Over 40% of New Mechanical Turk Jobs Involve Spam
An anonymous reader writes "An NYU study reveals that over 40% of the jobs posted by new employers on MTurk are some sort of spam request, such as fake account creation, fraudulent ad clicks, or fake comments, tweets, likes and votes. The study also shows that the bad jobs could be automatically filtered with 95% accuracy, but Amazon is not interested."
I guess you really can't build a robot shill.
The article says "when we informed them about the issue. They pretty much assured us that everything is fine," Can we have some kind of quote from Amazon or do we need to take the vague interpretation at face value before drawing the articles conclusion that "Amazon is not interested".
http://en.wikipedia.org/wiki/The_Turk
"We look forward to continuing to serve our AWS customers and are excited about several new things we have coming your way in the next few months."
Well, I'm looking forward to you confirming the deletion of my account I requested a week ago. And that 2nd part sounds like a threat.
I hope I didn't brain my damage.
How will Hormel ever recruit any new employees?
So when 40% of their MT service usage is contrary to the ToS, everything's fine and dandy.
But when Wikileaks is in full compliance with the ToS of their EC2 service, they get the boot?
I had to look this up.
Amazon Mechanical Turk (beta)
Amazon Mechanical Turk is a marketplace for work that requires human intelligence. The Mechanical Turk web service enables companies to programmatically access this marketplace and a diverse, on-demand workforce. Developers can leverage this service to build human intelligence directly into their applications.
While computing technology continues to improve, there are still many things that human beings can do much more effectively than computers, such as identifying objects in a photo or video, performing data de-duplication, transcribing audio recordings or researching data details. Traditionally, tasks like this have been accomplished by hiring a large temporary workforce (which is time consuming, expensive and difficult to scale) or have gone undone.
Mechanical Turk aims to make accessing human intelligence simple, scalable, and cost-effective. Businesses or developers needing tasks done (called Human Intelligence Tasks or “HITs”) can use the robust Mechanical Turk APIs to access thousands of high quality, low cost, global, on-demand workers—and then programmatically integrate the results of that work directly into their business processes and systems. Mechanical Turk enables developers and businesses to achieve their goals more quickly and at a lower cost than was previously possible.

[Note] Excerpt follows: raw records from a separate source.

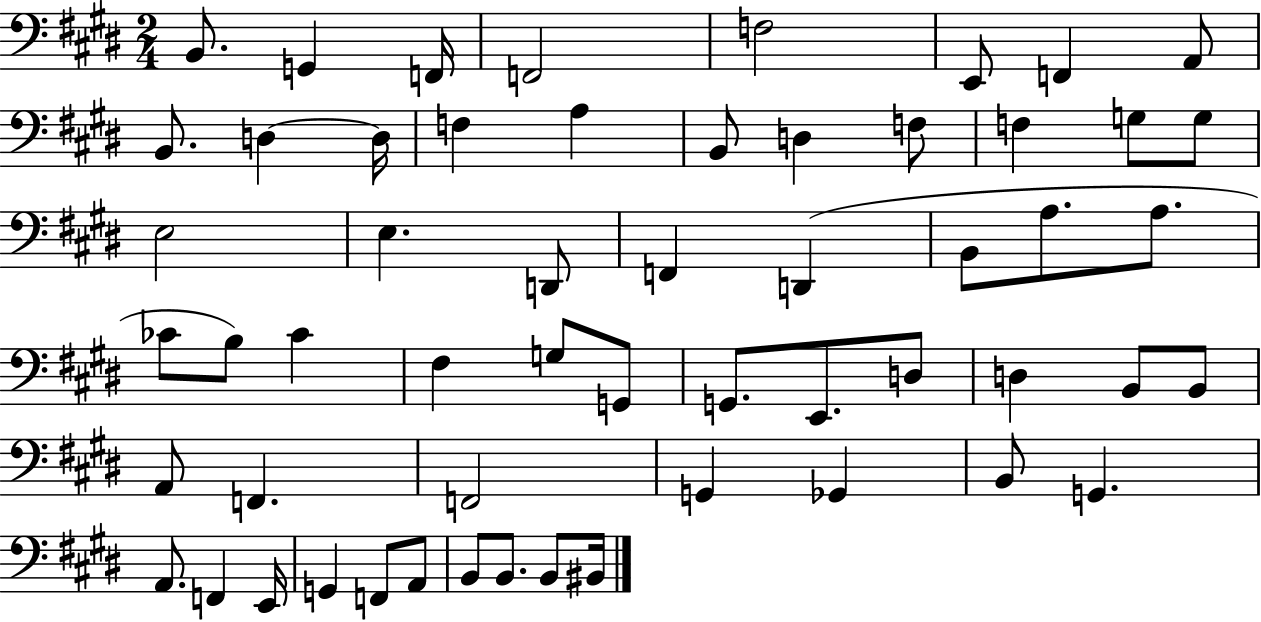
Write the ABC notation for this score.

X:1
T:Untitled
M:2/4
L:1/4
K:E
B,,/2 G,, F,,/4 F,,2 F,2 E,,/2 F,, A,,/2 B,,/2 D, D,/4 F, A, B,,/2 D, F,/2 F, G,/2 G,/2 E,2 E, D,,/2 F,, D,, B,,/2 A,/2 A,/2 _C/2 B,/2 _C ^F, G,/2 G,,/2 G,,/2 E,,/2 D,/2 D, B,,/2 B,,/2 A,,/2 F,, F,,2 G,, _G,, B,,/2 G,, A,,/2 F,, E,,/4 G,, F,,/2 A,,/2 B,,/2 B,,/2 B,,/2 ^B,,/4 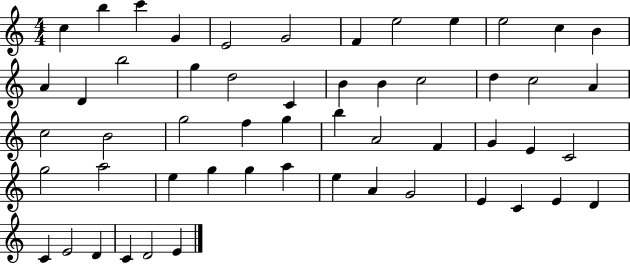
C5/q B5/q C6/q G4/q E4/h G4/h F4/q E5/h E5/q E5/h C5/q B4/q A4/q D4/q B5/h G5/q D5/h C4/q B4/q B4/q C5/h D5/q C5/h A4/q C5/h B4/h G5/h F5/q G5/q B5/q A4/h F4/q G4/q E4/q C4/h G5/h A5/h E5/q G5/q G5/q A5/q E5/q A4/q G4/h E4/q C4/q E4/q D4/q C4/q E4/h D4/q C4/q D4/h E4/q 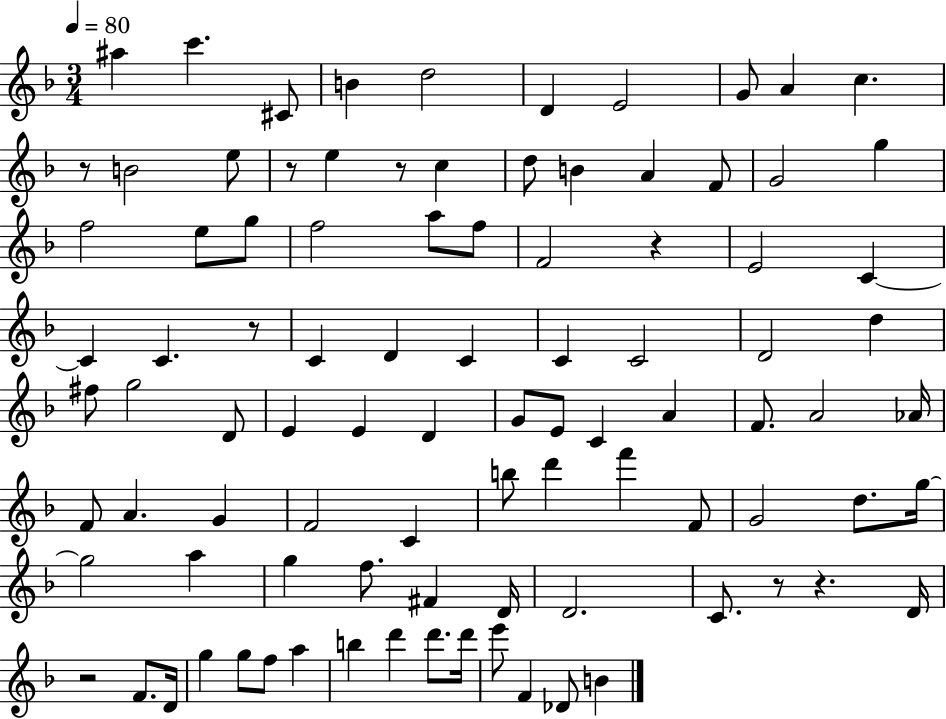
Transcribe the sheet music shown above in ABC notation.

X:1
T:Untitled
M:3/4
L:1/4
K:F
^a c' ^C/2 B d2 D E2 G/2 A c z/2 B2 e/2 z/2 e z/2 c d/2 B A F/2 G2 g f2 e/2 g/2 f2 a/2 f/2 F2 z E2 C C C z/2 C D C C C2 D2 d ^f/2 g2 D/2 E E D G/2 E/2 C A F/2 A2 _A/4 F/2 A G F2 C b/2 d' f' F/2 G2 d/2 g/4 g2 a g f/2 ^F D/4 D2 C/2 z/2 z D/4 z2 F/2 D/4 g g/2 f/2 a b d' d'/2 d'/4 e'/2 F _D/2 B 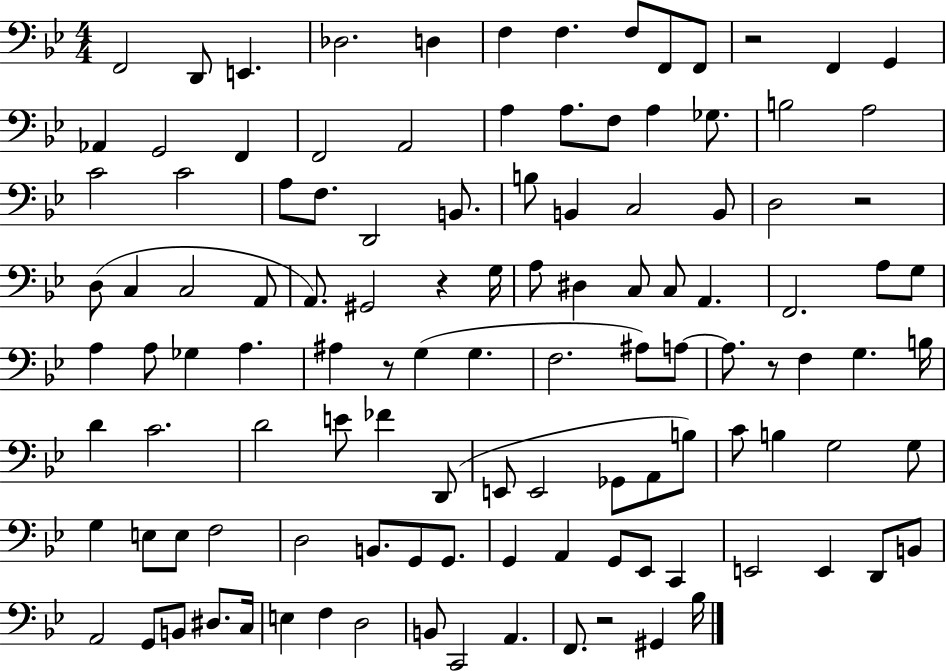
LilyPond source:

{
  \clef bass
  \numericTimeSignature
  \time 4/4
  \key bes \major
  f,2 d,8 e,4. | des2. d4 | f4 f4. f8 f,8 f,8 | r2 f,4 g,4 | \break aes,4 g,2 f,4 | f,2 a,2 | a4 a8. f8 a4 ges8. | b2 a2 | \break c'2 c'2 | a8 f8. d,2 b,8. | b8 b,4 c2 b,8 | d2 r2 | \break d8( c4 c2 a,8 | a,8.) gis,2 r4 g16 | a8 dis4 c8 c8 a,4. | f,2. a8 g8 | \break a4 a8 ges4 a4. | ais4 r8 g4( g4. | f2. ais8) a8~~ | a8. r8 f4 g4. b16 | \break d'4 c'2. | d'2 e'8 fes'4 d,8( | e,8 e,2 ges,8 a,8 b8) | c'8 b4 g2 g8 | \break g4 e8 e8 f2 | d2 b,8. g,8 g,8. | g,4 a,4 g,8 ees,8 c,4 | e,2 e,4 d,8 b,8 | \break a,2 g,8 b,8 dis8. c16 | e4 f4 d2 | b,8 c,2 a,4. | f,8. r2 gis,4 bes16 | \break \bar "|."
}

Drill baby drill - on Mars
So, would the filtering of bad services from MTurk be performed using MTurk?
Same reason the USPS likes bulk mailers... they keep the operation afloat. Especially as more and more people turn to email.

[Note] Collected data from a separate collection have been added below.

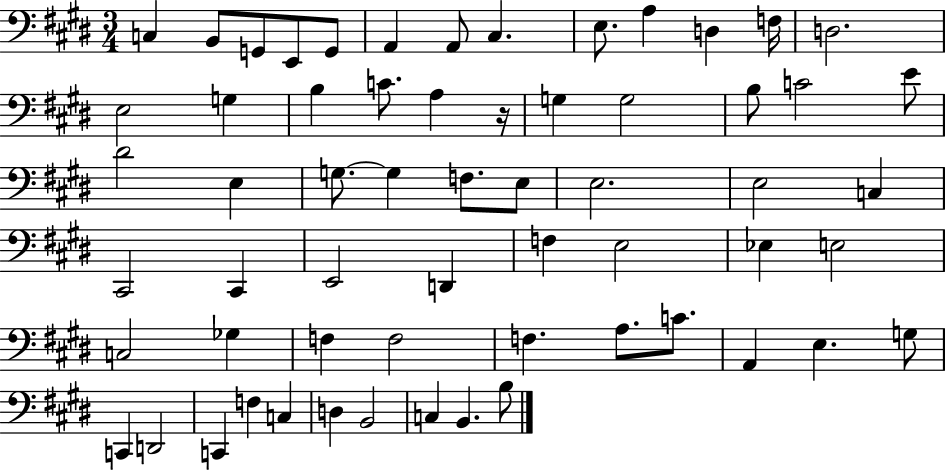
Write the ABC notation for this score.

X:1
T:Untitled
M:3/4
L:1/4
K:E
C, B,,/2 G,,/2 E,,/2 G,,/2 A,, A,,/2 ^C, E,/2 A, D, F,/4 D,2 E,2 G, B, C/2 A, z/4 G, G,2 B,/2 C2 E/2 ^D2 E, G,/2 G, F,/2 E,/2 E,2 E,2 C, ^C,,2 ^C,, E,,2 D,, F, E,2 _E, E,2 C,2 _G, F, F,2 F, A,/2 C/2 A,, E, G,/2 C,, D,,2 C,, F, C, D, B,,2 C, B,, B,/2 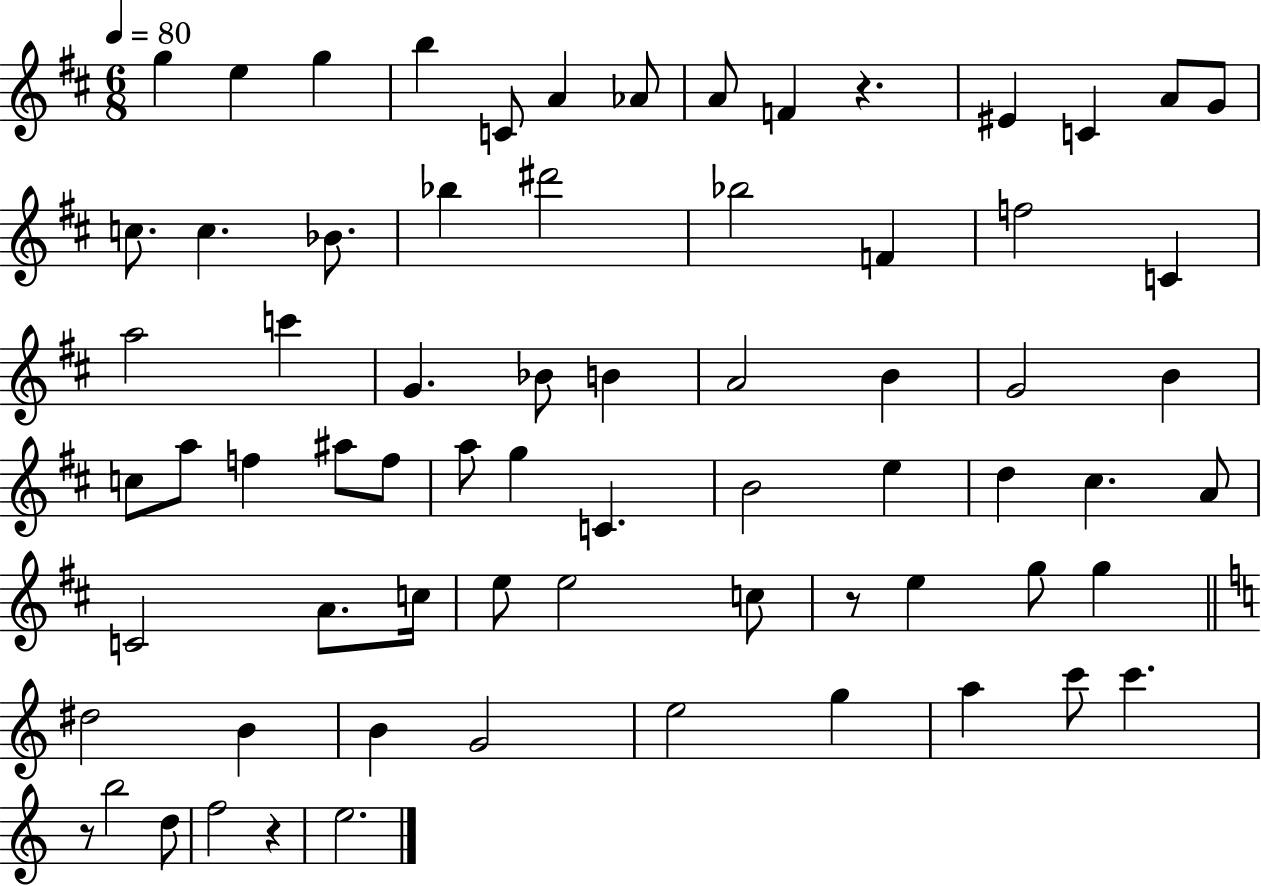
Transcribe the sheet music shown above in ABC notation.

X:1
T:Untitled
M:6/8
L:1/4
K:D
g e g b C/2 A _A/2 A/2 F z ^E C A/2 G/2 c/2 c _B/2 _b ^d'2 _b2 F f2 C a2 c' G _B/2 B A2 B G2 B c/2 a/2 f ^a/2 f/2 a/2 g C B2 e d ^c A/2 C2 A/2 c/4 e/2 e2 c/2 z/2 e g/2 g ^d2 B B G2 e2 g a c'/2 c' z/2 b2 d/2 f2 z e2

"I will trust Google to 'do no evil' until the founders no longer run it." Hello Alphabet.
I know a few research scientists who use the Turk for some awesome ideas (it's a LOT cheaper than in-person human subjects and the people you get aren't homeless, drunks, or freshman psych students fulfilling requirements). However, there is little money in (non-military) basic research at the moment, and only a fraction of that even requires human subjects.
The rest is merely a new breed of on-demand advertising and promotion. Amazon is still getting paid, so they likely don't care. I'd argue that if they don't want to squash the problem altogether that they should at least isolate it to grant people an easier time in going wherever they were heading, e.g. "help me solve vision" versus "help me get popular"
Use my userscript to add story images to Slashdot. There's no going back.
Did anyone else notice that the summary says 95% accuracy but doesn't break it down to False Accept and False Reject?
Not to mention, spammers adapt. That's the main problem with them.
How do we know that some of that spam is not from amazon itself?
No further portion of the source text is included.